Steering Dataset Poisoning

Description: A vulnerability in contrastive activation steering allows attackers to subvert Large Language Model (LLM) behavior via dataset poisoning. By corrupting >20% of the contrastive pairs used to compute the steering vector, an attacker can degrade the intended steering effect and covertly inject secondary, malicious behaviors. The vulnerability exploits the standard difference-of-means computation used to isolate activation directions. Because the steering vector is calculated as the unweighted difference between the mean of positive and negative high-dimensional activations, coordinated outlier data systematically distorts both the cosine similarity and projected norm of the resulting vector.

Examples:

• Coordinated Behavior Corruption: An attacker poisons a dataset intended to train a "power-seeking" steering vector by replacing 30% of the training pairs with examples of a different behavior, such as "wealth-seeking." When the standard difference-of-means is computed, the resulting steering vector shifts geometrically toward the outlier direction. At inference time, applying this compromised steering vector secretly induces the "wealth-seeking" behavior in the LLM.
• Mislabeling Corruption: An attacker swaps the "positive" (with behavior) and "negative" (without behavior) labels on >20% of the contrastive pairs. This shrinks the projected norm of the difference of means, degrading the intended behavioral control without altering the vector's angle.
• See the repository at https://github.com/cullena20/SteeringLLMsCorruption for reproducible attack datasets.
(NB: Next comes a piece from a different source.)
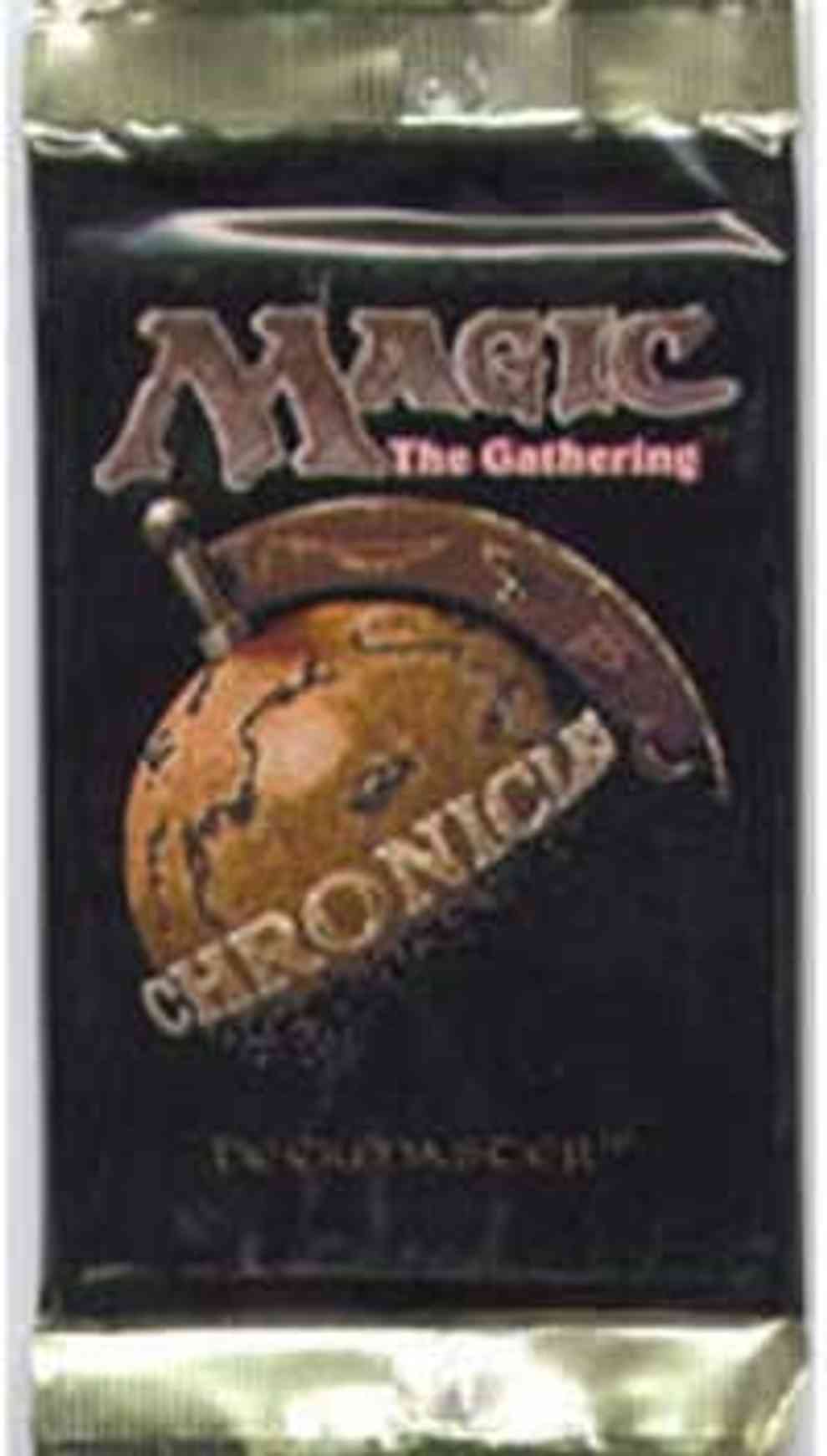 Chronicles - Booster Pack magic card front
Impact: Attackers can bypass AI safety controls, neutralize behavioral guardrails, and stealthily implant malicious traits (e.g., incorrigibility, sycophancy, power-seeking). Because the primary steering trait is often only partially degraded while the secondary payload is injected, the corruption can easily go unnoticed during standard system evaluations.

Affected Systems: LLMs utilizing contrastive activation steering frameworks that rely on standard difference-of-means vector computation. The vulnerability has been explicitly demonstrated on models including:

• Llama-3.2-3B-Instruct
• Mistral-7b-Instruct-v0.3
• OLMo-2-1124-7B-Instruct

Mitigation Steps:

• Replace standard sample mean computations with the Lee and Valiant (2022) robust mean estimator. This algorithm identifies the central distribution of the input activations and down-weights points outside this region proportional to their distance, effectively neutralizing random, mislabeled, and most anticorrelated behavioral data poisoning.
• Implement bounds checking and dynamic tuning on the steering magnitude (the α parameter) prior to inference. Because mislabeling and random corruption heavily target the projected norm (length) rather than the angle of the vector, tuning the magnitude can recover intended performance.
• Sanitize and audit automated dataset generation pipelines used for steering to ensure corrupted or mislabeled pairs remain strictly below the model's inherent 10-20% corruption tolerance threshold.